**SOURCE DATA**

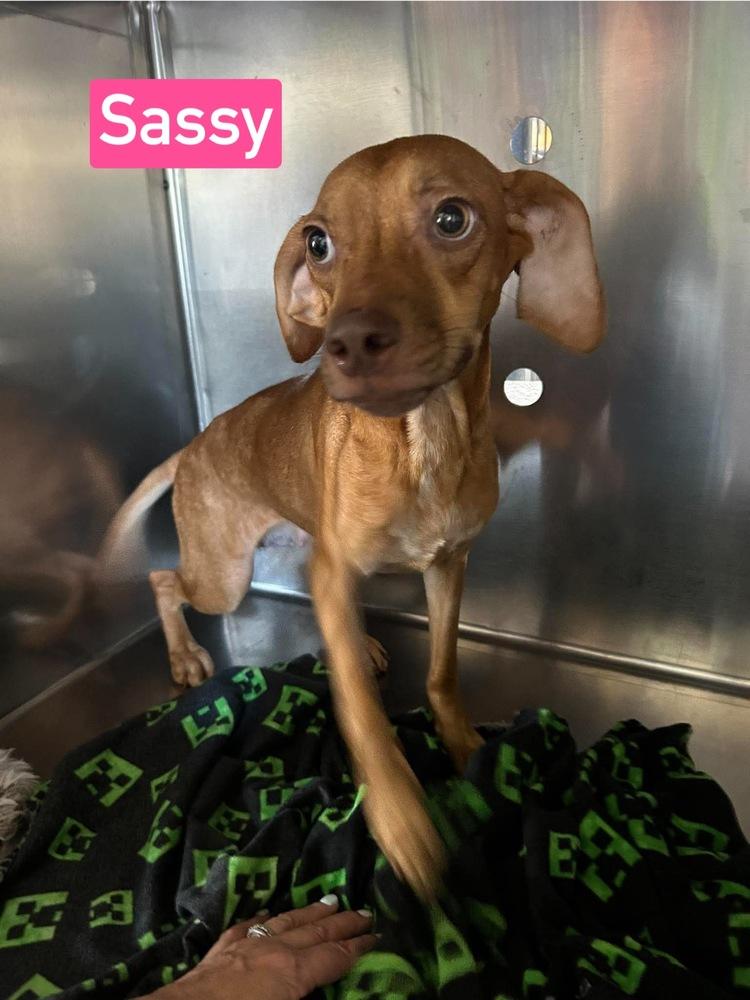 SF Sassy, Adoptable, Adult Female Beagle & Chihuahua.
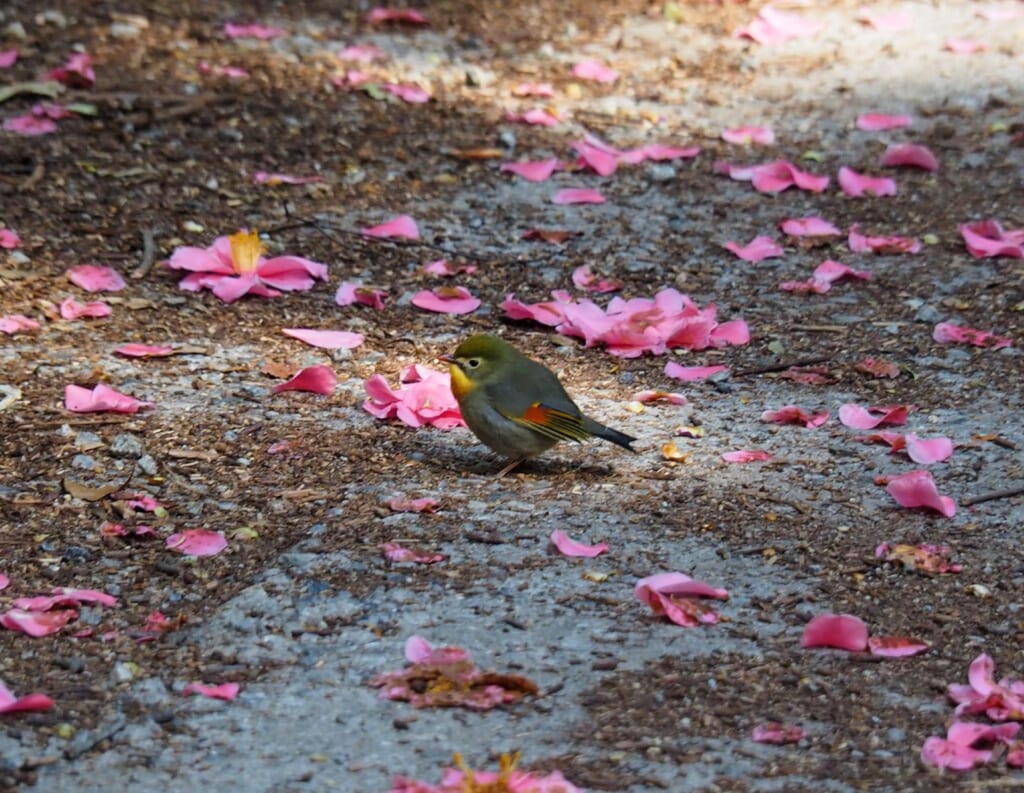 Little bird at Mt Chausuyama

---

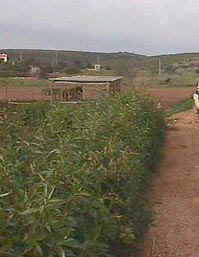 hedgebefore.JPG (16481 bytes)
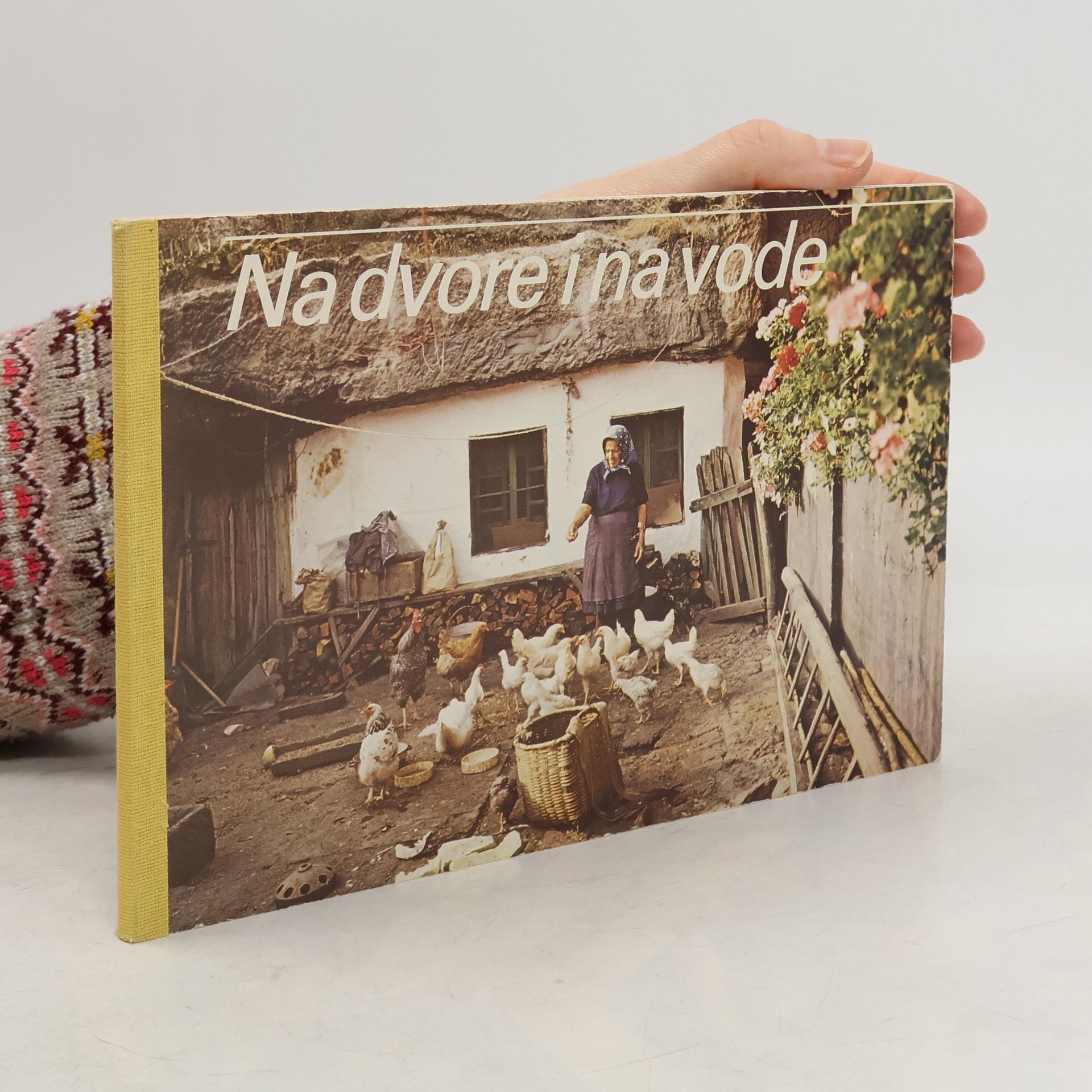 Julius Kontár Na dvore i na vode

==

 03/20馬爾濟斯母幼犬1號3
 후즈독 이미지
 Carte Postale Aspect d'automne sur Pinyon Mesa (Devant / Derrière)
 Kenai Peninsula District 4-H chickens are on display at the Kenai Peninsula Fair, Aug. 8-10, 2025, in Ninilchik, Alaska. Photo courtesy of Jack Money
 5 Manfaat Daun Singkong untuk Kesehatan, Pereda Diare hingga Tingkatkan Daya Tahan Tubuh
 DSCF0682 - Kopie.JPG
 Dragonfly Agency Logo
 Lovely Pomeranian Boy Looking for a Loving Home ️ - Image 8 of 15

**WORK INSTRUCTIONS**
Output the lines of the records above exactly as they appear, from the line containing "Carte Postale Aspect" through the line containing "Lovely Pomeranian Boy".

**ANSWER SECTION**
 Carte Postale Aspect d'automne sur Pinyon Mesa (Devant / Derrière)
 Kenai Peninsula District 4-H chickens are on display at the Kenai Peninsula Fair, Aug. 8-10, 2025, in Ninilchik, Alaska. Photo courtesy of Jack Money
 5 Manfaat Daun Singkong untuk Kesehatan, Pereda Diare hingga Tingkatkan Daya Tahan Tubuh
 DSCF0682 - Kopie.JPG
 Dragonfly Agency Logo
 Lovely Pomeranian Boy Looking for a Loving Home ️ - Image 8 of 15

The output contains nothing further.